Stationarity and IRF problem

Dear all,

I am working with a New Keynesian model featuring the financial accelerator mechanism as in BGG1999 (a summary of the model and its solution is attached). I am working with the model in levels, and productivity is assumed to follow an AR process. So, to make the model stationary, I make a replacement for the variables that should be trending: output (y), consumption ©, investment (i), capital (k), entrepreneurs’ net worth (n), and wages (w). I divide all these variables by the technology shock (A) and make the adjustments to the model equations consistent with this transformation (I took Fernandez-Villaverde’s (2006) paper for the NK_baseline model as example).

First, as you can see from the IRFs, with a first order approximation, most of the variables do not tend to return to the steady state even after a long time (say, 50 quarters). What could be the reason for this? Could also the investment specific shock be playing a role here (eq. 22 of the code)? Also, the theoretical moments are rather weird: investment has a very low standard deviation, while the one for net worth is huge. Comments on this are very welcome.
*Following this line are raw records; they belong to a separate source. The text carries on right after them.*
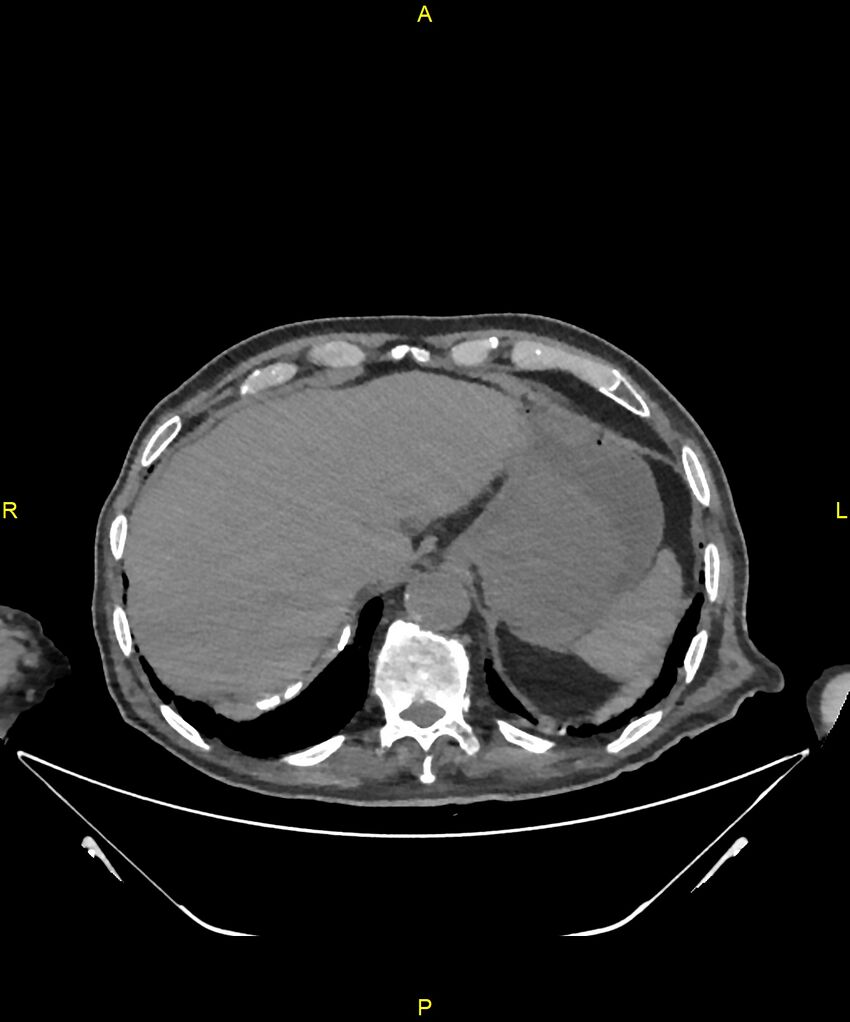 Aortoenteric fistula (Radiopaedia 84308-99603 Axial non-contrast 41).jpg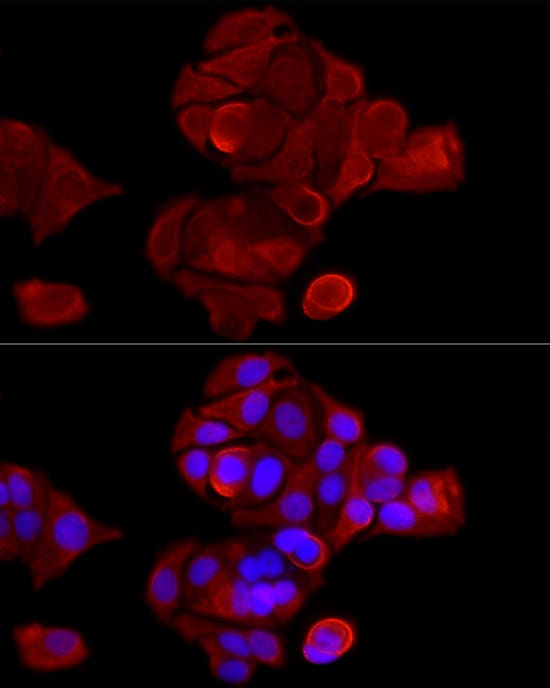 Immunocytochemistry/ Immunofluorescence: Cytokeratin 8 Antibody - Azide and BSA Free [NBP2-92958] - Immunofluorescence analysis of MCF7 cells using Cytokeratin 8 Rabbit pAb  at dilution of 1:300 (40x lens). Secondary antibody: Cy3 Goat Anti-Rabbit IgG (H+L)  at 1:500 dilution. Blue: DAPI for nuclear staining.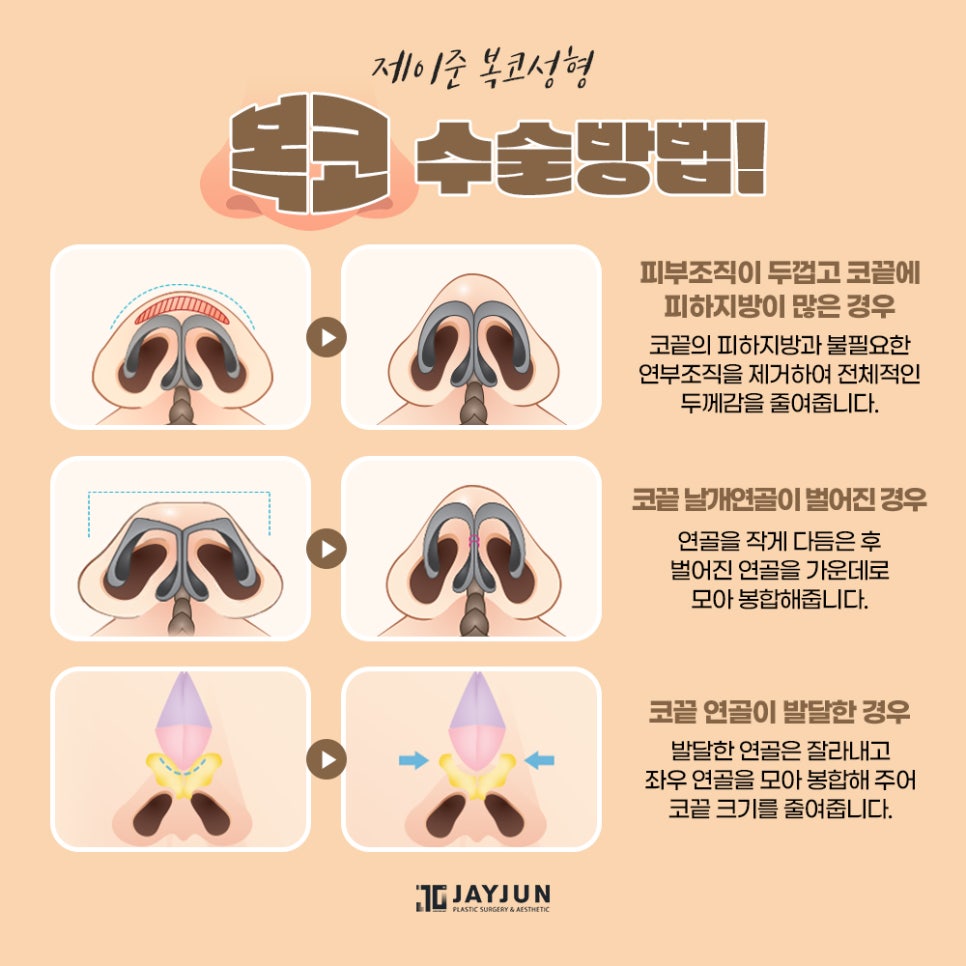 [제이준성형외과] 어떤 각도에서도 자신있는! 제이준 복코 성형 관련 이미지 6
Second, the IRF for the interest rate shows that a positive shock to the taylor rule actually triggers a decrease of the interest rate. Since the shock enters directly in the taylor rule (eq. 16 of the code), I find this very weird. Any possible explanation?

Thanks a lot in advance!
appendix.pdf (262 KB)
CD08_nonlinear_ss3.mod (6.45 KB)

  1. 50 periods is not long. 1000 periods is. Check whether there is a unit root that should not be there (use the check command to see the eigenvalues). If not the parameters and shock processes simply imply a huge persistence
  2. Regarding moments, if you use the attached files, you are computing absolute deviations instead of log deviations. As investment is a small share of GDP, the absolute deviations can be smaller. Define auxiliary variables like

and compare them.
3. For the rise in the nominal interest rate, see [Monetary Shock)

Dear Johannes,
thank you for the answers. You were right about the first issue. The model parameters implied a really big persistency. In particular, adjusting the curvature parameter of the external risk premium allows to obtaining a more reasonable persistency. And thanks a lot for the tips in points 2. and 3. Problems solved!